Но ведь только что я, соглашаясь, приводила слова Иона Друцэ о том, что, если постоянно изображать лишь один свой народ, можно стать провинциальным, местническим, потерять интернациональный масштаб, европейское имя.
Да, я согласна с Ионом Друцэ, потому что он в своем творчестве никогда не изменял породившей его Молдавии, именно здесь брали свои начала и его «Дойны», и его «Каса маре», отсюда, с этой знойно-виноградной земли, взлетали «Птицы его молодости». Дело лишь в том, чтобы национальные характеры не виделись писателю исключительными, чтобы Белоруссия или Молдавия активно вписывались ими в географию мира, в контекст глобальных исторических событий, в карту всемирной политики, чтобы двигались эти республики вокруг солнца вместе со всем земным шаром.
Итак, Андрей Макаенок стоял перед выбором. И выбор этот был нелегким. Его пьесу о Франции времен Сопротивления напечатали в журнале «Полымя», поставили в театре Янки Купалы. Актеры, даже с удовольствием, сыграли некоторые сильные драматические роли из этой пьесы — хотелось как-то сменить суровые краски спектаклей о суровой своей действительности.
Молодого драматурга приметили, можно было бы и продолжать, кое-кто из его коллег так и продолжал, «составляя» свои пьесы, словно коктейли, из обрывков политической информации, случайных газетных заметок, рассказов журналистов, любящих подчас прихвастнуть, чуть прибавить и никак не убавить.
Но и вернуться назад, к фельетонам и одноактным пьесам, не значило двинуться вперед. Вернуться назад, к одноактным пьесам на злобу дня, было бы отступлением.

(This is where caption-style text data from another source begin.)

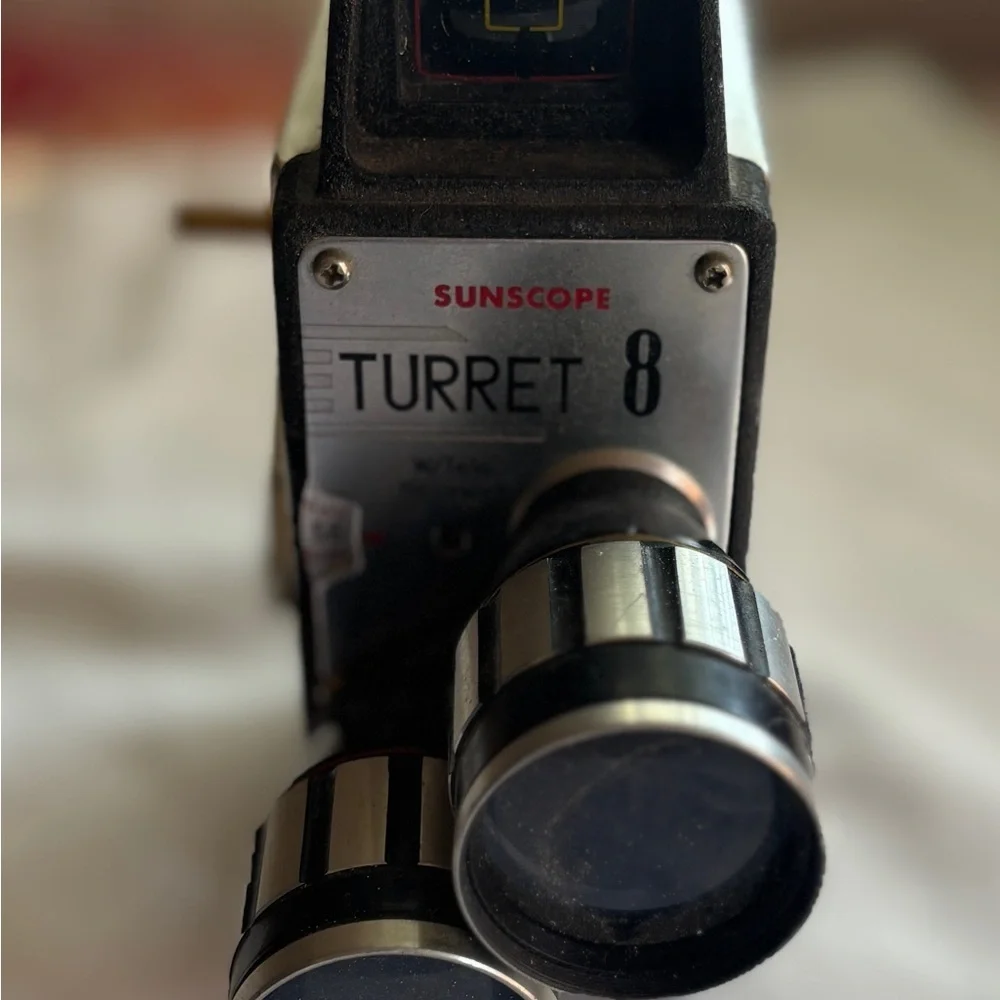 Sunscope‎ Vintage 1960s Turret 8 Movie Camera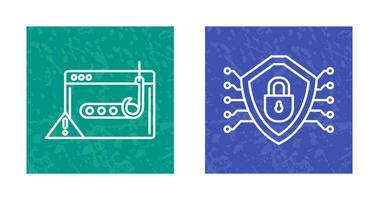 Phishing Password and Security Icon vector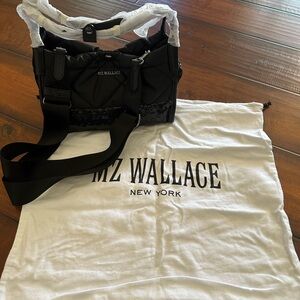 NWT MZ Wallace Quilted Madison Shoulder Bag with Sequins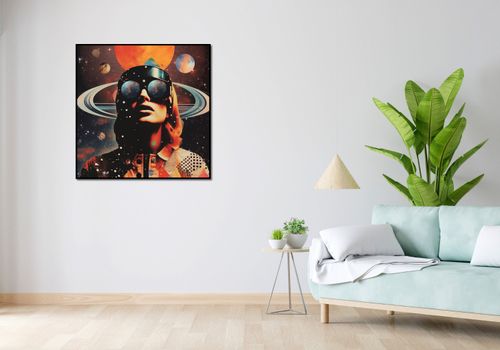 Plakat 90x90cm Kosmiczne Wizje na Arena.pl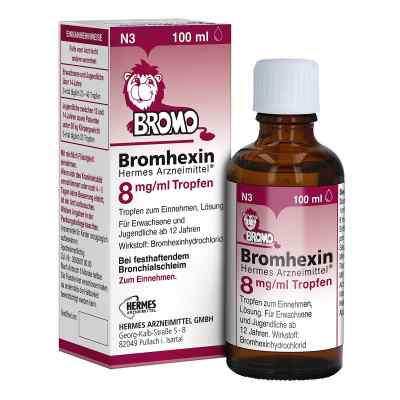 Bromhexin Hermes Arzneimittel 8 mg/ml Tropfen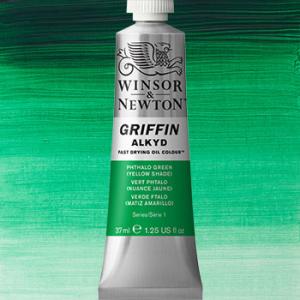 Winsor & Newton Griffin Alkyd Oil Paint - (1.25oz/37ml) Phthalo Green (Yellow Shade)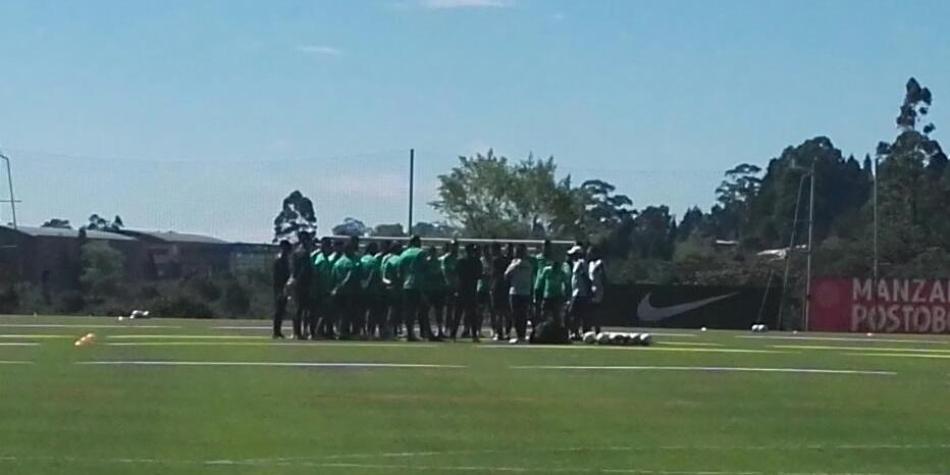 Nacional entrena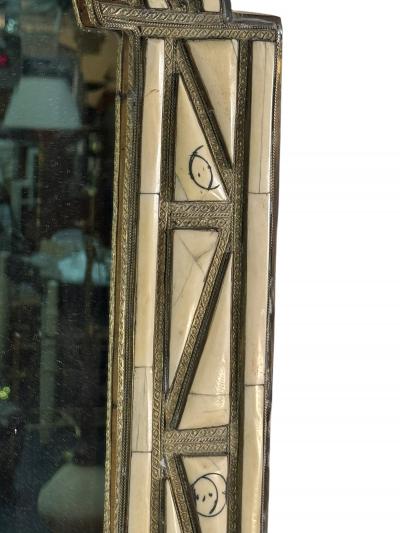 LARGE SCALE MORROCAN BONE METAL ARTISAN MIRROR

В пьесе «На рассвете» литератор уже взял кое-какие барьеры писательской техники, неизвестные одноактной драматургии.
Надо было сделать рывок, сделать решительное усилие, чтобы двинуться дальше, чтобы не «оправдать» ни одной из сложившихся уже репутаний: ах, Андрей Макаенок, ну да, зто тот одноактник, что пишет о разных случаях в белорусских колхозах; или: ах, Андрей Макаенок, ну да, это тот, кто сочиняет что-то про Париж, где все ходят и «котелках» и веселятся «У Максима».
Однако сделать решительный рывок можно было и по велению таланта, и по велению характера, без характера талант неуправляем, невесом, иногда губителен для личности, разрушителен для человека, не умеющего пользоваться, как расчетливый математик, тем, что нерасчетливо отпустила ему судьба.
Вместе с Андреем Макаенком начинали и другие литераторы, как раз был недолгий период своеобразного «набора» в драматургию, мобилизации новых кадров. Послевоенная действительность так резко отличалась от военной, спаянной единой целью, что непременно должны были появиться новые литераторы, для которых мир после войны был не только продолжением, но и началом жизни, был их юным, собственным, обживаемым миром.
Вместе с Андреем Макаенком начинали и другие молодые писатели, вспыхивали яркие имена, крепли надежды, театры уже связывали свои будущие сезоны с начинающими литературными дарованиями. И вовсе не всегда изменял этим людям талант. Иногда им изменял характер, не выдерживал именно характер, именно он оказывался слабым, ненадежным, не рассчитанным на успех, на долгий, подвижнический, постоянный труд, следующий за первым успехом.
Макаенку посчастливилось — талант соединился у него с крепким, волевым характером, позволившим писателю выбрать третий, вроде бы неожиданный путь: не возвращаясь назад, к одноактным пьесам, не задерживаясь на эффектных мелодрамах из «заграничной жизни», двинуться вперед, к собственным своим открытиям, к новым творческим горизонтам.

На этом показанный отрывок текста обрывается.